Wednesday, 2 July 2014

Big Decisions...

It has come to my attention recently how much extra pressure is added onto you as you get older. 

I'm a 17 year old girl, currently studying for 4 A2 Levels (although I'm dropping one of these in the next couple of months) and I'm effectively being asked to make some massive decisions that are going to dramatically impact my future. 


Today was a focus day at our school,  in which we had a few discussions on universities, among other things. I've always felt that there's a massive lean towards going on to further education at my school, but I suppose that is to be expected due to the type of establishment it is. Nonetheless, it's tricky for me to fully involve myself in discussions about university when I don't really feel like uni is the path I want to take in life. 

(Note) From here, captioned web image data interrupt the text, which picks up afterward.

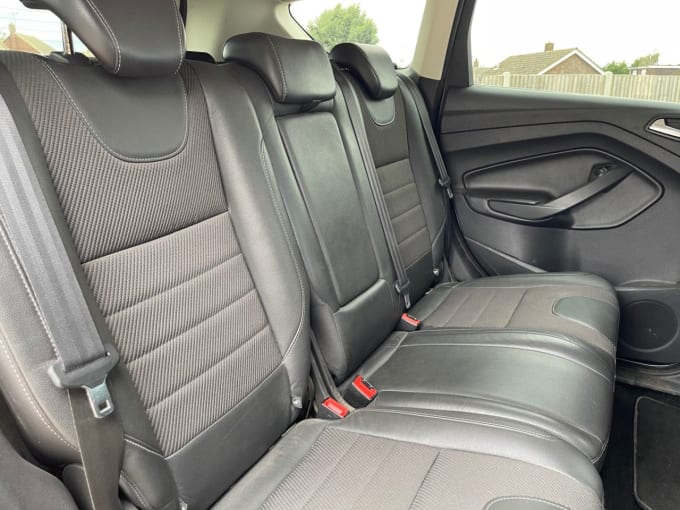 2025 Ford Kuga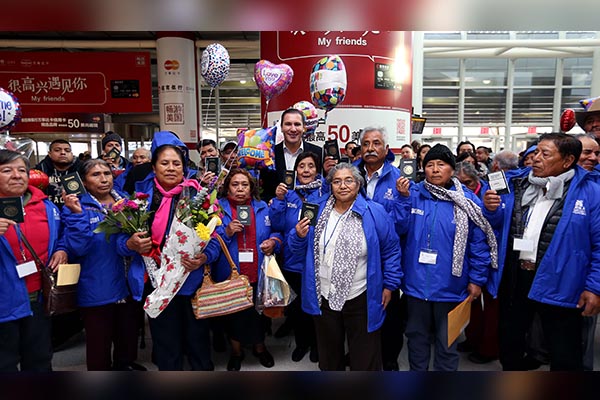 Recibe Moreno Valle a familiares de migrantes en NY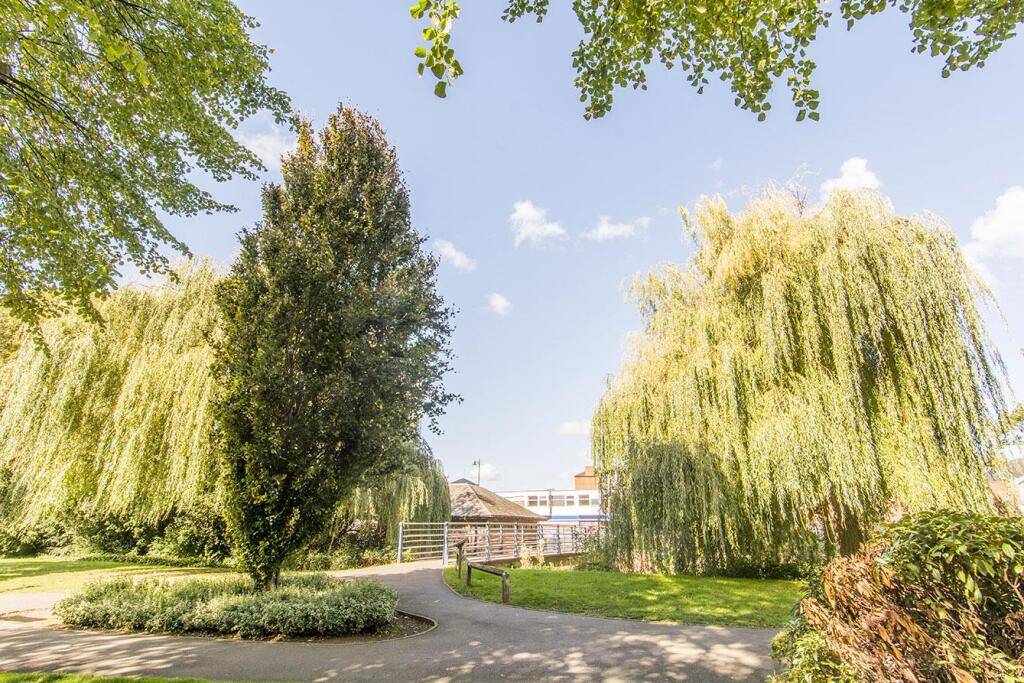 Pathway to Welland Park &amp; Shops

In the position that I'm in right now, I'm not entirely sure where my life is heading as I have no set idea about a particular role or job title that I want to gain. All I know is that from my life I want to be the best person I can be, and excel at everything I do. I love the thought of being able to grow as a person and gain lots of different experiences along the way. It's never been a big desire of mine to go and study at a university because I feel like that would not benefit me particularly, as I'm a much more hands on kind of person and would rather just go out there and do things. 


I suppose what I'm driving at, is the fact that there are always more options than you think. I don't like the fact that young people have to make such big decisions when really they don't have the life experiences or maturity to be able to decide "this is what I want to do for the rest of my life", so I'm taking that pressure off of myself. Next year, I won't be applying to university, not because I object to the idea of going to university, nor do I think that people who do choose to go to uni are wrong, I just want to feel like I'm completely happy and I don't think that I would be if I went to university. 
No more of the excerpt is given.